Required Elements of a Restraining Order
No matter where a person goes to start the process, the restraining order application requires certain fundamental elements. The applicant makes an affidavit in support that identifies the target of the restraining order, the nature of the relationship between the parties, as well as what has happened. The reviewing member of the judiciary then determines whether the necessary elements are present in the application and decides whether, or not, to issue an order. The Commonwealth has established a system by which judges make themselves available outside court hours to review these petitions and can be reached by law enforcement on both nights and weekends for this purpose.
The terms of Chapter 209A are designed to legally restrict the interaction between two people. Importantly, the nature of the relationship between those people is central to whether a restraining order can be issued. In order to be considered family these people could be, now or in the past, related by blood or marriage. In order to be a household member, just as you might have guessed, they must reside or have previously resided in the same household. Couples who have a child in common, or have or were in a substantive dating or engagement relationship are also within the scope of Chapter 209A.
The affidavit discussed previously also must include evidence supporting a finding of abuse. Just like every legal analysis, this term is specifically defined by the statute and may not mean what you think it does. A person does not have to wait until they get hurt to file for a restraining order. In this context, abuse is defined broadly. In the affidavit, the applicant can show an attempt to cause or actually causing physical harm to meet the standards. In addition, Massachusetts General Laws c. 209A, sec. 1 deems abuse to be placing another in fear of imminent serious physical harm or causing another to engage involuntarily in sexual relations by force, threat or duress. No matter what the behavior offered in support of the application is the affidavit will be measured against the definitions by the fact finder before any order is issued.
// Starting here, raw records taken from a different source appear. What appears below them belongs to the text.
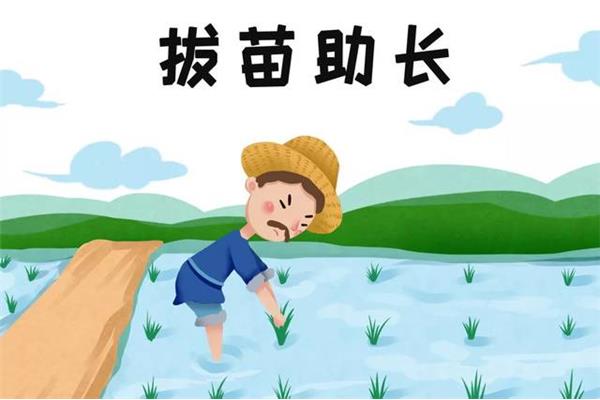 拔苗助长成语故事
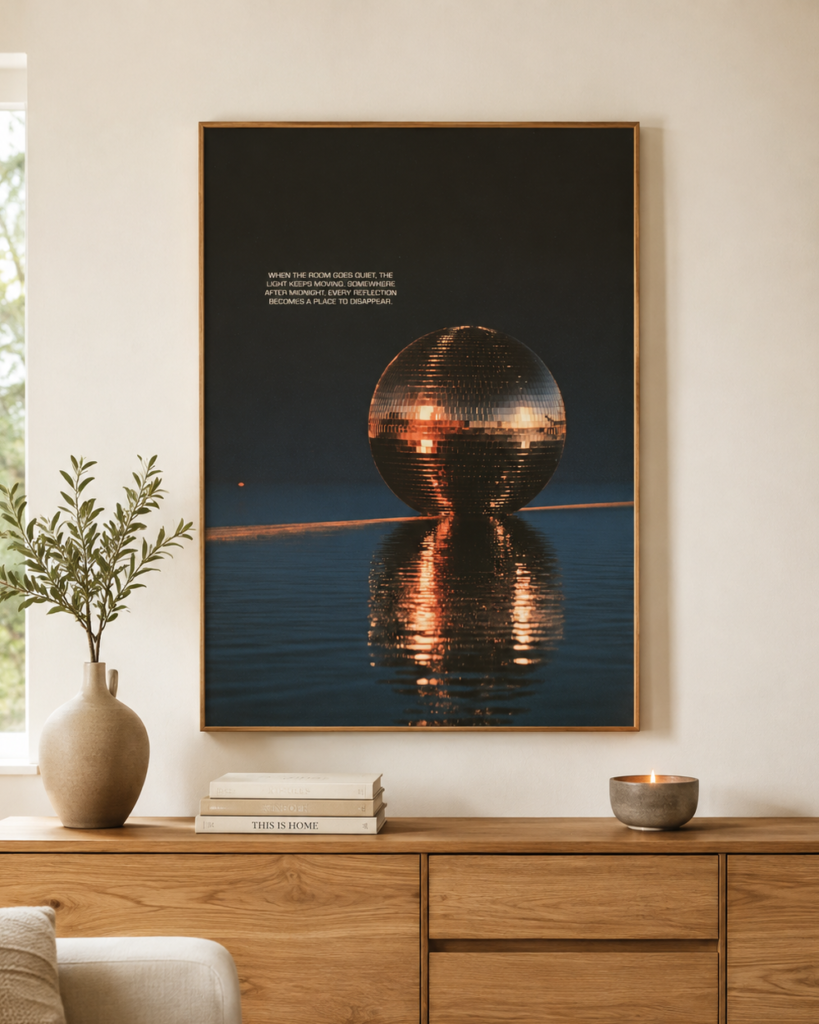 Night Shift – Moody Disco Ball Wall Art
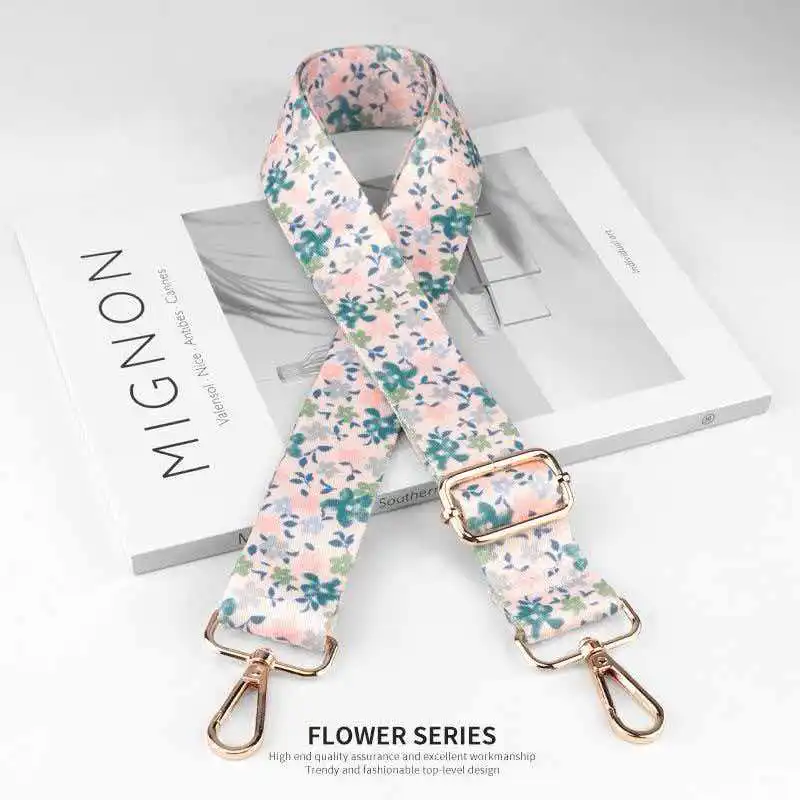 Bag Parts Accessories Strap Bags Fabric Chain Wide Backpack Black Handle Crossbody Canvas Replacement Shoulder Bag Strap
What you may have noticed is that the initial stage of issuing a restraining order is very one sided. What has not been included in this article is how restraining orders are challenged and when a person subject to the restraining order gets their day in court. Of course, whether due process is served over time does not change the fact that there are some people who need emergency restraining orders. The legislature has created this process to make protection available at all hours.